= OMA (time signal) =

Time signal radio station in Czech Republic

OMA was the callsign of a Czech time signal station. The station was operated by the Astronomical Institute of Prague and the transmitters were located at RKS Liblice 1.

The station transmitted in the LF band on 50 kHz with a power of 7 kW and in the HF band on 2500 kHz with 1 kW. A reserve LF transmitter was located at Poděbrady.

OMA, which could be also used for synchronizing radio controlled clocks, was shut down in 1995.

OMA time signal transmitter was used to synchronize radio clock. The transmit time protocol was changed multiple times. Periodic service maintenance outages lasted for days. The decoding was done in discrete hardware. Commercial use of OMA time signal was limited by absence of highly integrated receiver and decoding chip.

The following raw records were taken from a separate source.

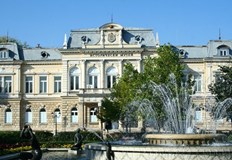 Творбите на художничката Юлия Красовска ще представят архитектурното наследство на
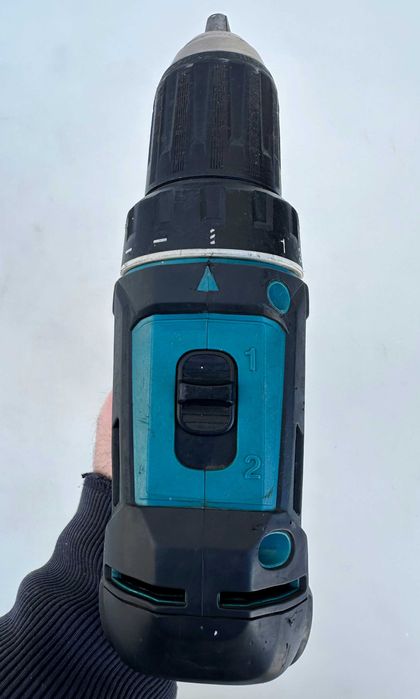Makita DDF482 - Акумулаторен винтоверт 18V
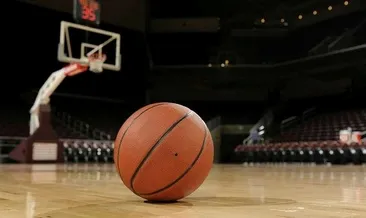 Basketbolda sezon bitti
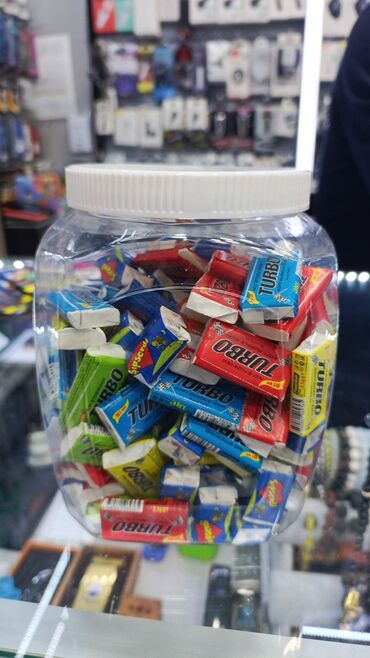 Şokolad və konfetlər: Сладости к чаю — 29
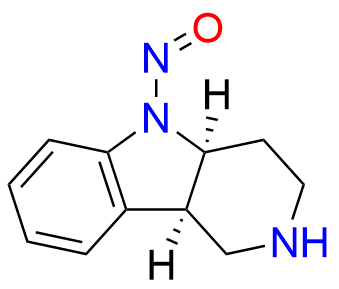 N-Nitroso Lumateperone Impurity 3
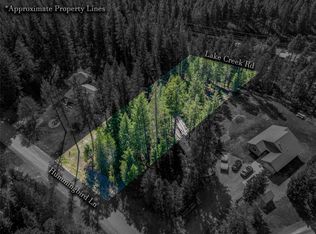 Nhn Hummingbird Ln, Troy, MT 59935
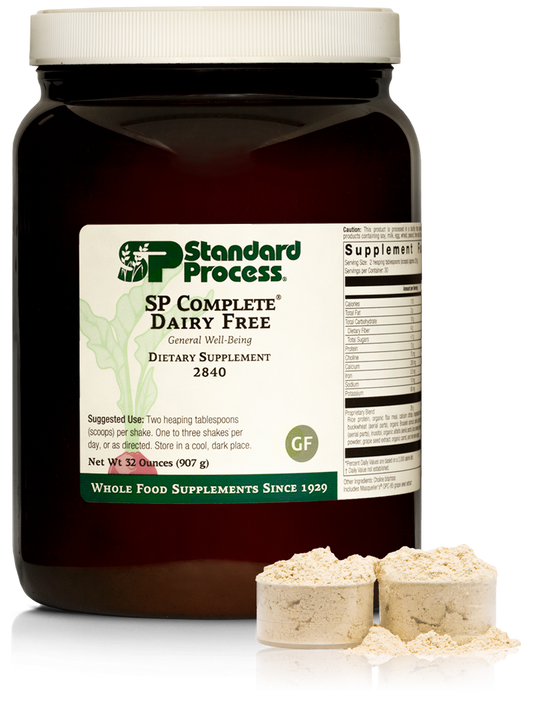 SP Complete® Dairy Free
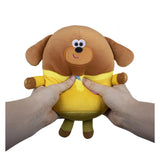 Spectron Hey Duggee Super Soft Abbraccio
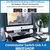Hub Switch Usb 3.0 4 Puertos Para 2 Pcs / Laptops - comprar online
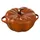 Staub Cocotte 26 cm rund salbeigrün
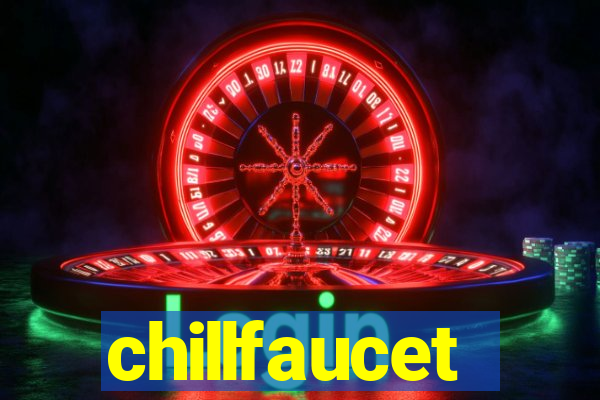 chillfaucet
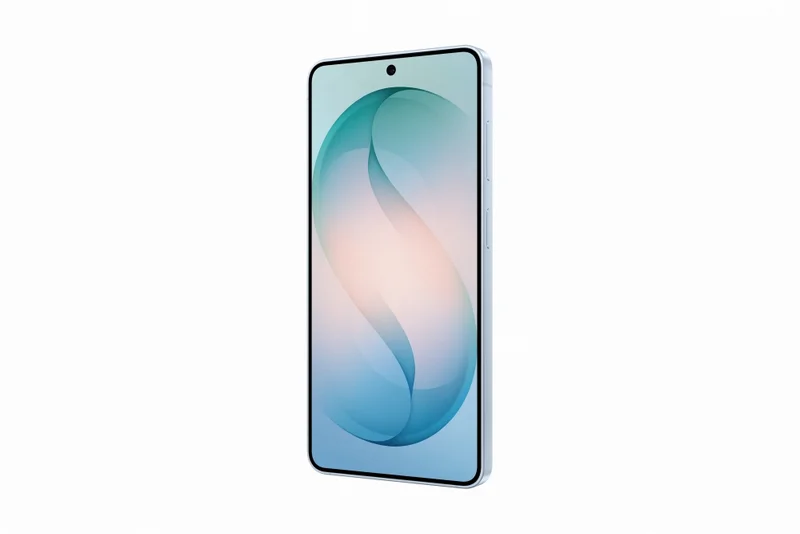Samsung SM-S942B GALAXY S26 5G 256GB 12GB Sky Blue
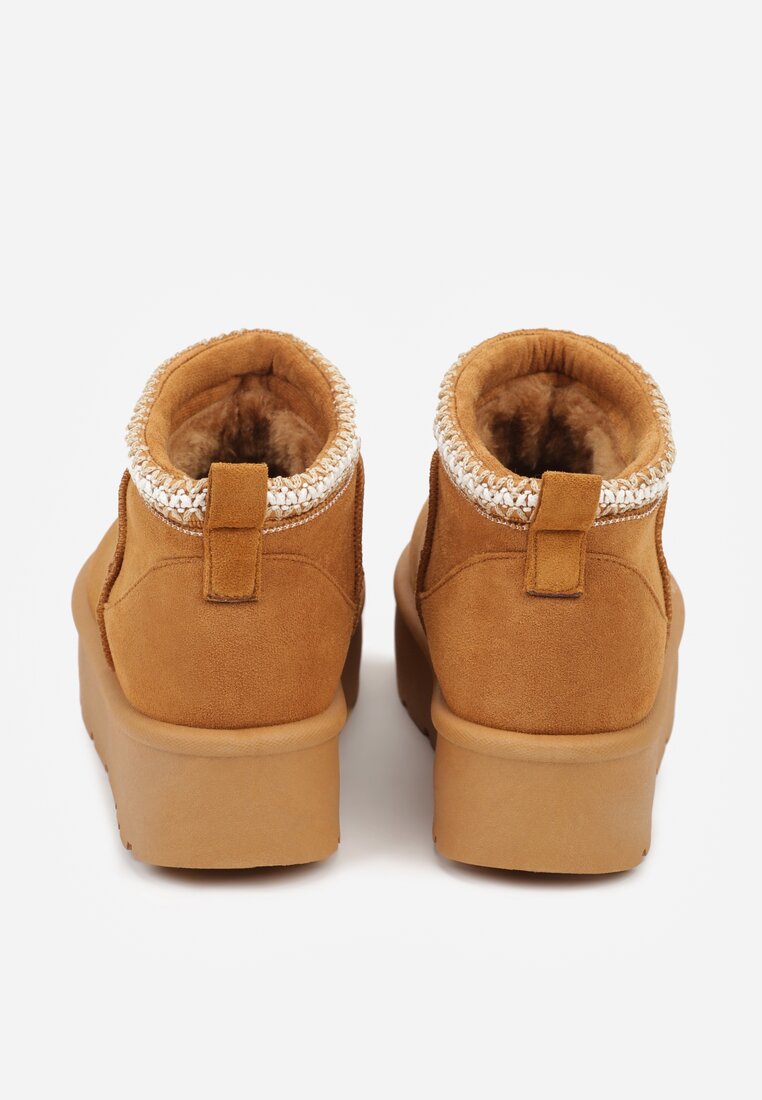 Коричневі Сноубутси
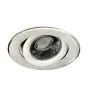 Philips LED Spot RS156B CoreLine Aluminium 7.2W 800lm 36D - 840 Zimna Biel | 85mm - Aukko 68mm - IP20/44 - Ściemnianie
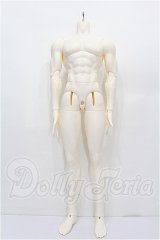 UFDOLL/75ｃｍサイズ　ボディ S-26-05-10-312-TO-ZS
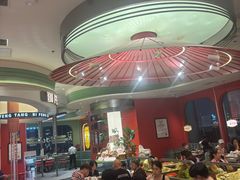 -避风塘·金牌店·夜宵(金玉兰店)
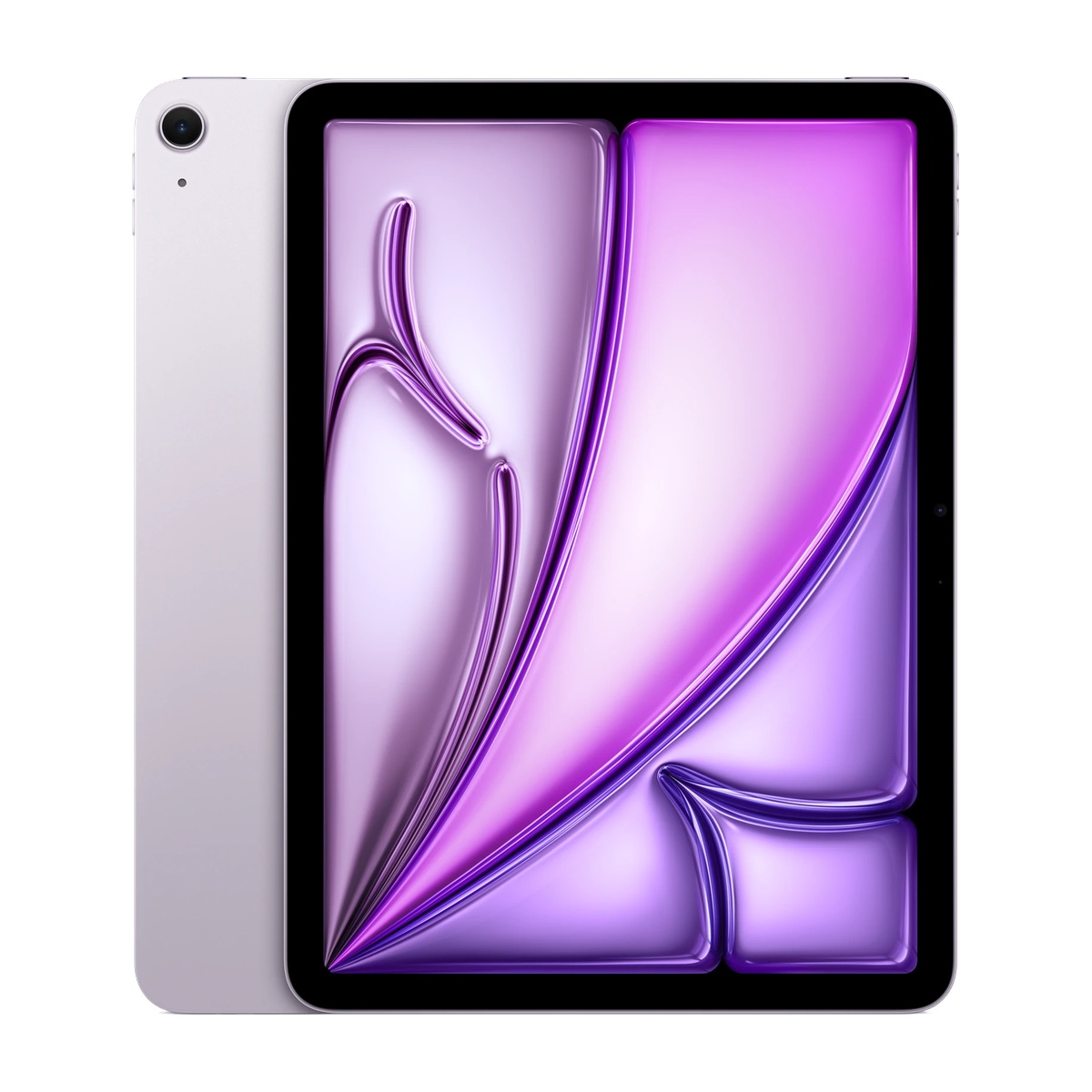 Apple iPad Air 11" (M4, 2026) Wi-Fi 1Tb Purple, фиолетовый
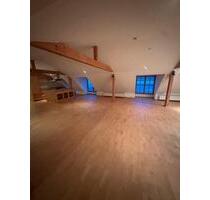 VIB Stadtplatz! Penthousewohnung mit EBK Dachterrasse - Vilsbiburg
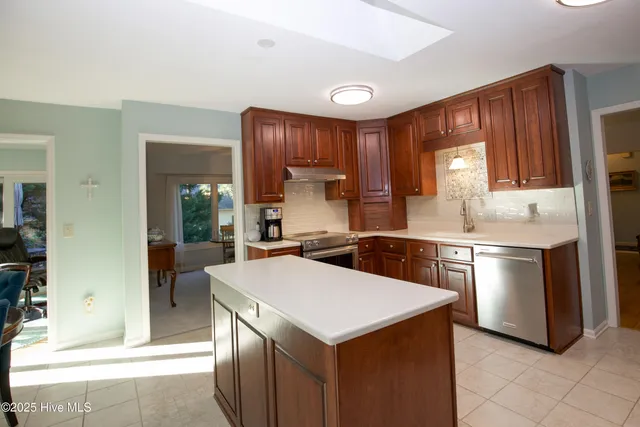 $465,000 | 5 Kahkwa Trail, Pinehurst, NC 28374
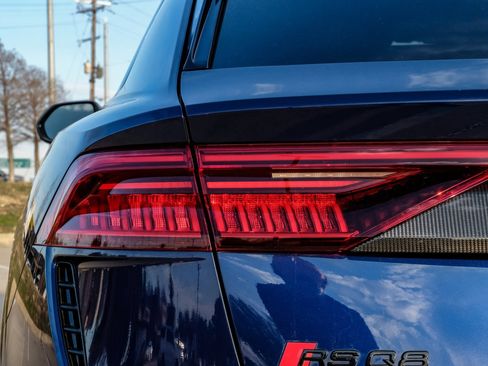 Used 2022 Audi RS Q8 image 60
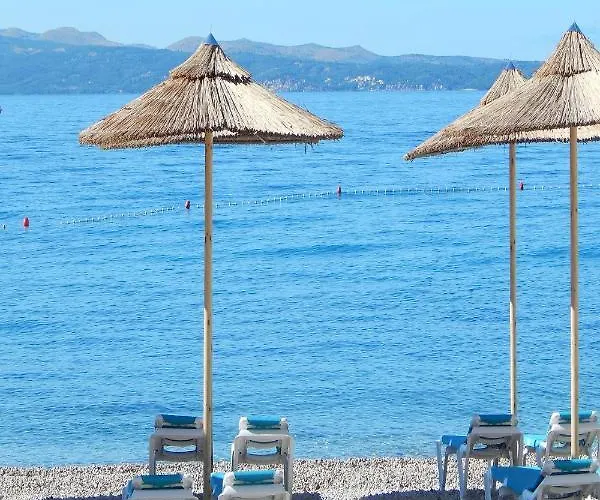 Star Apartmán Split
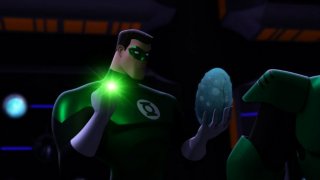 Green Lantern: The Animated Series 367424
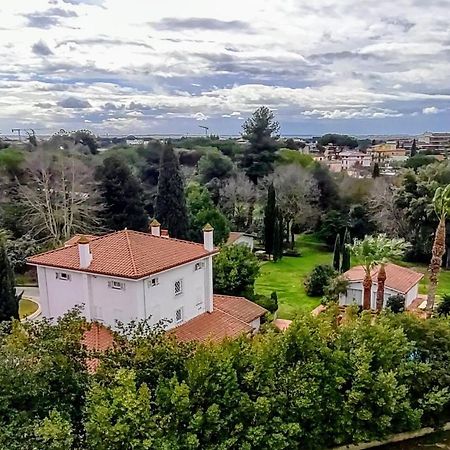 Skai Apartment Roma Exterior foto
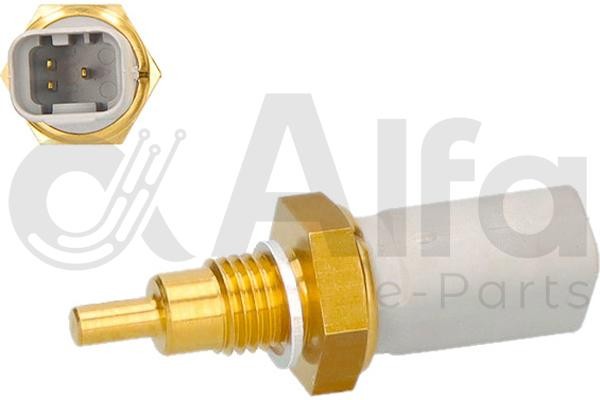 KüHlmitteltemperatursensor FüR Alfa Romeo Fiat Lancia 1993-2012-image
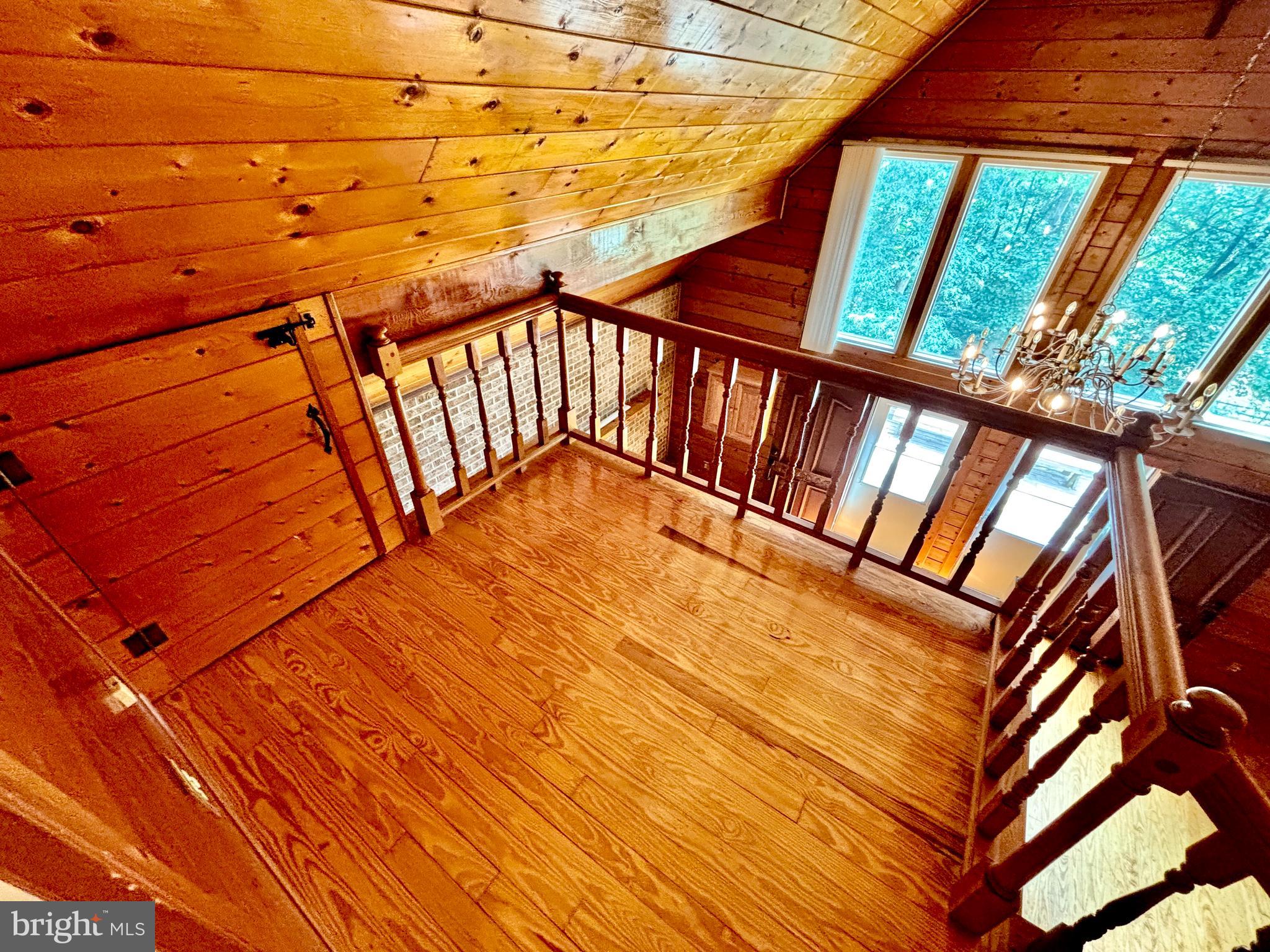 PORT TOBACCO RIV SUB - Residential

OMA was synchronized by Cesium Reference clock run by CSAV Czech Academy of Sciences, Kobylisy, Prague. Limited series of secondary 5MHz references with thermostat were manufactured by the institute. The secondary reference employed single transistor crystal oscillator with XF filter. The institute was under keen eye of communist party, dictating the R&D direction. They had there their devoted people. TV broadcasting and high reliability services were synchronized from the Cesium Reference. Today (2020) there are calls to resurrect the transmitter for resilience case. Performance of WWV beacon confirms the importance.